The third and final section of decision I is entitled “Order.” In this third section, the court dissolved the marriage and ordered the manner in which the property would be divided between the parties. The court’s orders, however, were silent as to the securities account described in paragraph eleven of its findings. In other words, the court did not include the securities account in the order section of decision I.

The defendant filed a motion to clarify on January 3, 2001, a little more than two months after the court rendered judgment. In that motion to clarify, the defendant pointed out the apparent inconsistency between the court’s findings and orders regarding the securities account. Specifically, the defendant stated: “The [decision] . . . does not provide when the plaintiff is to pay the defendant for his share of the appreciation in those securities.” The defendant’s motion requested a clarification of the court’s decision that would order the plaintiff to “immediately pay the defendant $33,000, plus interest from October 27,2000, representing his one-half on the appreciation in the plaintiffs securities . . . .”
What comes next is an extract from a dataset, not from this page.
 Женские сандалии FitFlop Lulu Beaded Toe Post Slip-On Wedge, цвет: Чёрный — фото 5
On January 12, 2001, the plaintiff objected to the defendant’s request on the grounds that (1) the court’s orders were not ambiguous, thus obviating the need for a clarification, citing Rosato v. Rosato, 40 Conn. [107]*107App. 533, 671 A.2d 838 (1996), rev’d, 255 Conn. 412, 766 A.2d 429 (2001),2 and (2) the request would result in an impermissible modification of the property division in that assignments of property can be made only at the time of the dissolution decree, citing Croke v. Croke, 4 Conn. App. 663, 664-65, 496 A.2d 235 (1985). The court heard argument on the defendant’s motion on January 16, 2001.

On February 1,2001, the court issued a memorandum of decision (decision II) regarding the defendant’s motion to clarify. In setting forth the applicable law, the court noted first that motions for clarification are proceduraily proper, even though not specifically described in the rules of practice. Holcombe v. Holcombe, 22 Conn. App. 363, 366, 576 A.2d 1317 (1990). The court cited Blake v. Blake, 211 Conn. 485, 494, 560 A.2d 396 (1989), for the proposition that “under the common law, judgments may be ‘corrected’ at any time.”3 Finally, the court stated that “[w]hether the defendant characterizes the motion as one to correct or clarify, the court must examine the practical effect of the ruling. Jaser v. Jaser, 37 Conn. App. 194, 202, 655 A.2d 790 (1995).”
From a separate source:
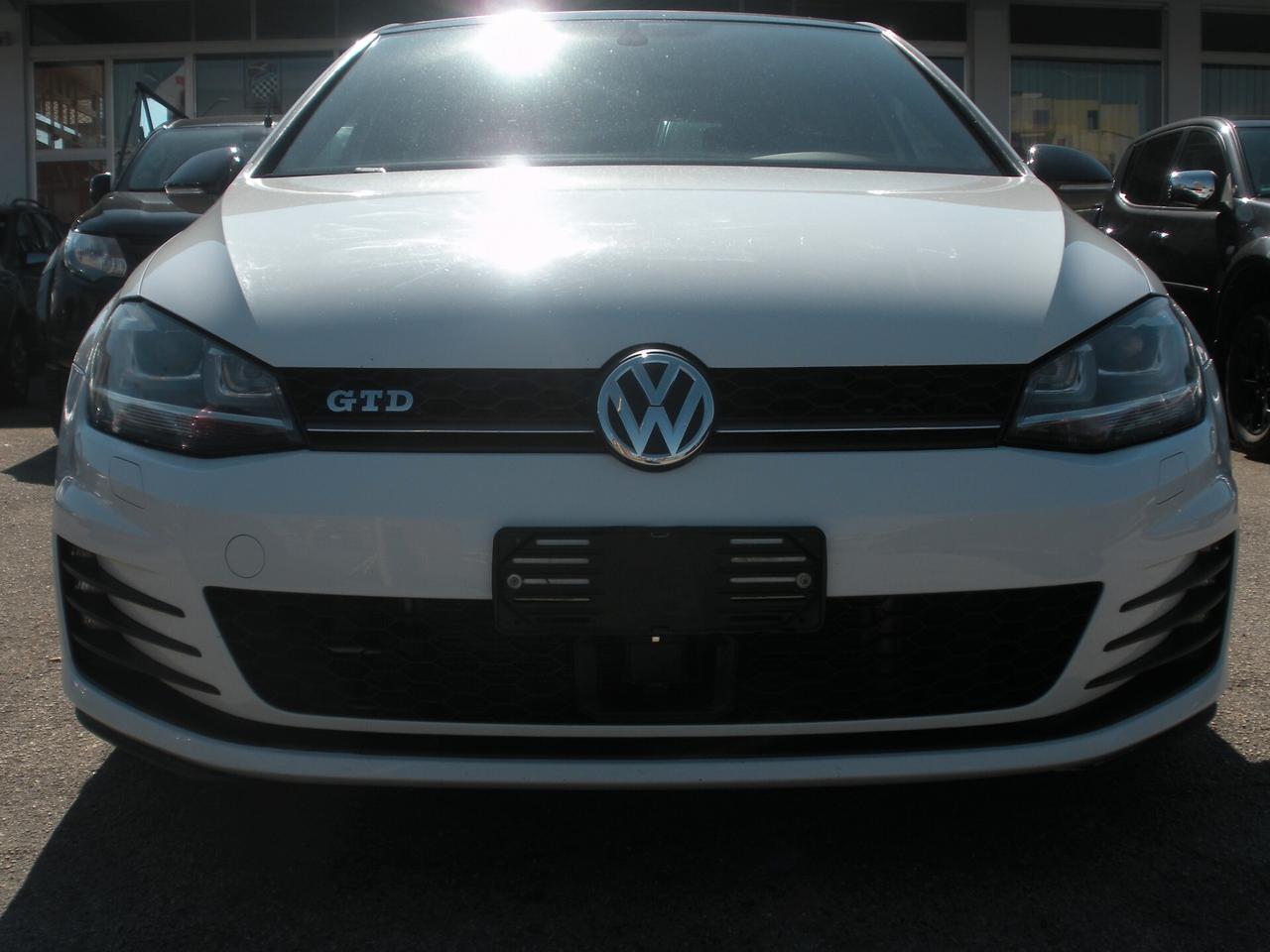 Volkswagen Golf GTD 2.0 TDI 5p. Business BlueMotion Technology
The court distinguished the present case from Rosato v. Rosato, supra, 40 Conn. App. 533, which the plaintiff [108]*108cited in her objection, on two grounds: first, the length of time between the dissolution judgment and the motion to clarify, and, second, the fact that the present case involved an error of omission. The court noted that “barely two months have passed since the entry of the decree” and that the defendant’s motion came “while the matter [was] still fresh in everyone’s mind . . . .” The court acknowledged that the order section of decision I was silent as to the securities account, but went on to observe that the findings section set forth the court’s intent. The court stated, “it is clear that the court intended to divide the [securities account], and that its omission from the order was an oversight.” The court then issued a new order in which the court ordered the plaintiff to pay the defendant $33,000, representing one-half of the amount of the appreciation of the securities account dining the term of the marriage. The plaintiff subsequently filed the present appeal.

We begin our analysis of the plaintiffs claim by setting forth the standard of review. The plaintiff is challenging the court’s general authority under General Statutes § 52-212a to grant the defendant’s motion. Because this presents a question of statutory construction, our review is plenary. See Kim v.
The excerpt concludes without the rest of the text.